• EXERCISE PROMPT: Exact copies of the lines below, from the one with "Lug Nuts, Conical" up to and including the one with "SD stamped .925", are what this calls for; leave out pictures.

• RECORD EXTRACTS:

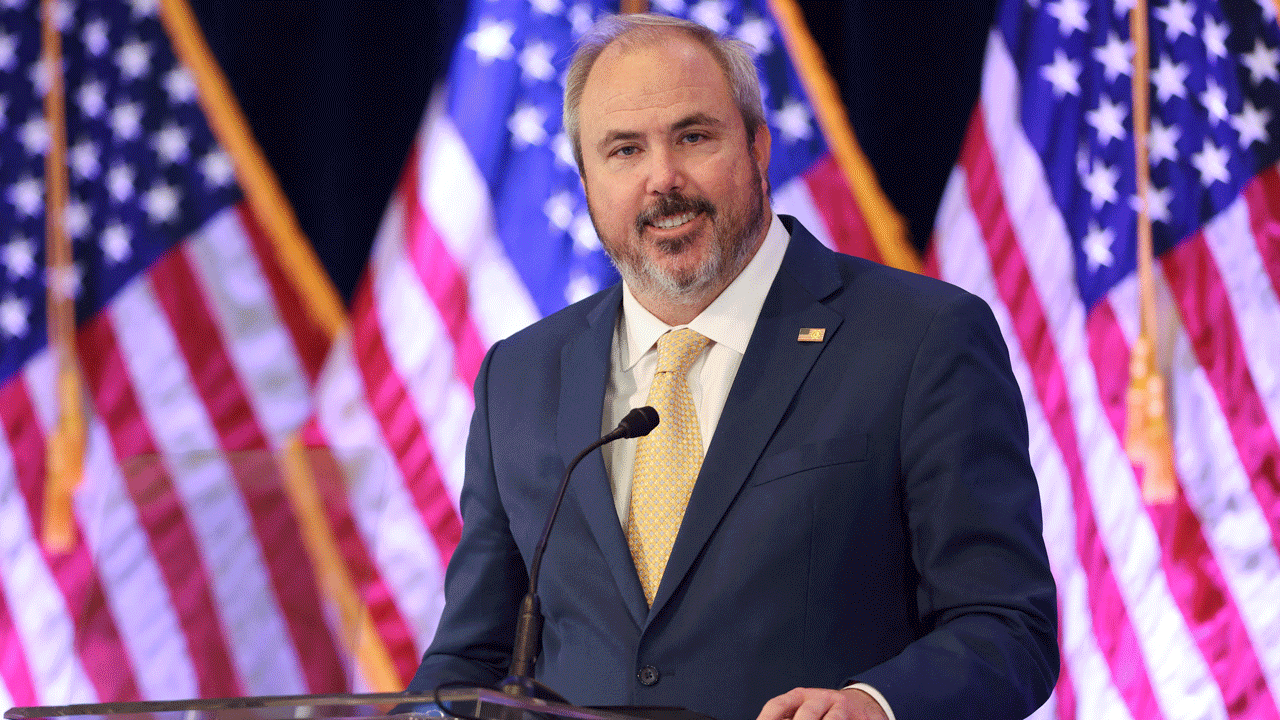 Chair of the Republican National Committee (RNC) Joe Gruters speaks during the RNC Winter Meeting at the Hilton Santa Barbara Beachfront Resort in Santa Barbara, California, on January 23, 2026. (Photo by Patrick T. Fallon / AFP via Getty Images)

* * *

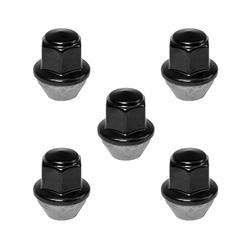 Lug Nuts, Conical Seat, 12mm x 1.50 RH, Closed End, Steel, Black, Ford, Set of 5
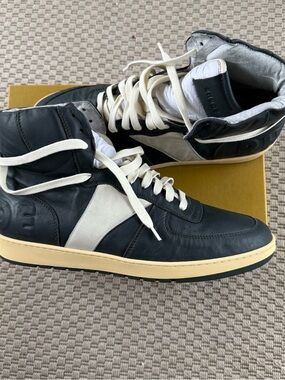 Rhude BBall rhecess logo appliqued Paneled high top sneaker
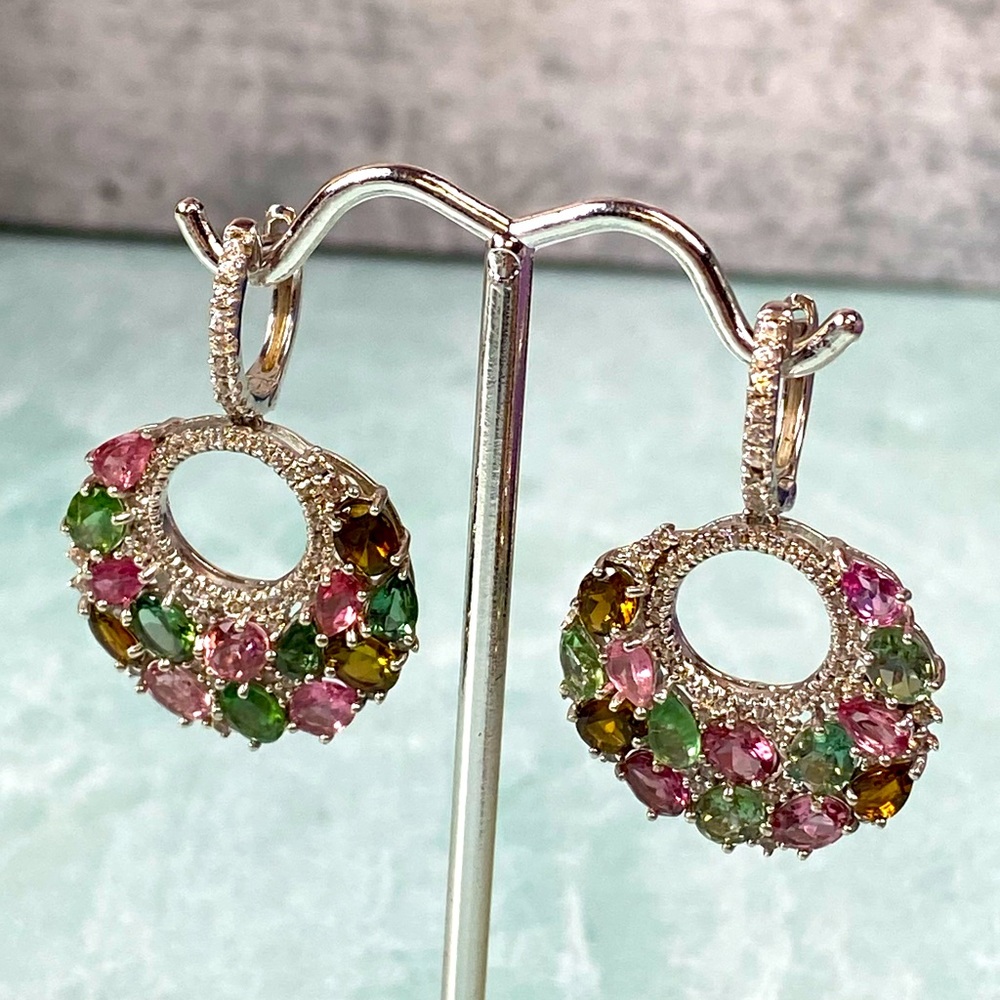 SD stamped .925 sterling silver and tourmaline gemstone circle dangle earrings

--

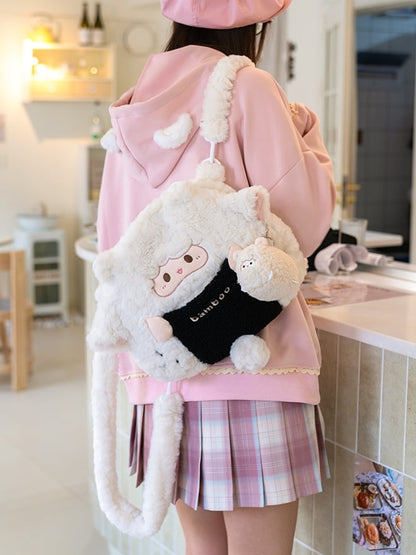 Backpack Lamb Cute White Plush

• OUTPUT BELOW:
 Lug Nuts, Conical Seat, 12mm x 1.50 RH, Closed End, Steel, Black, Ford, Set of 5
 Rhude BBall rhecess logo appliqued Paneled high top sneaker
 SD stamped .925 sterling silver and tourmaline gemstone circle dangle earrings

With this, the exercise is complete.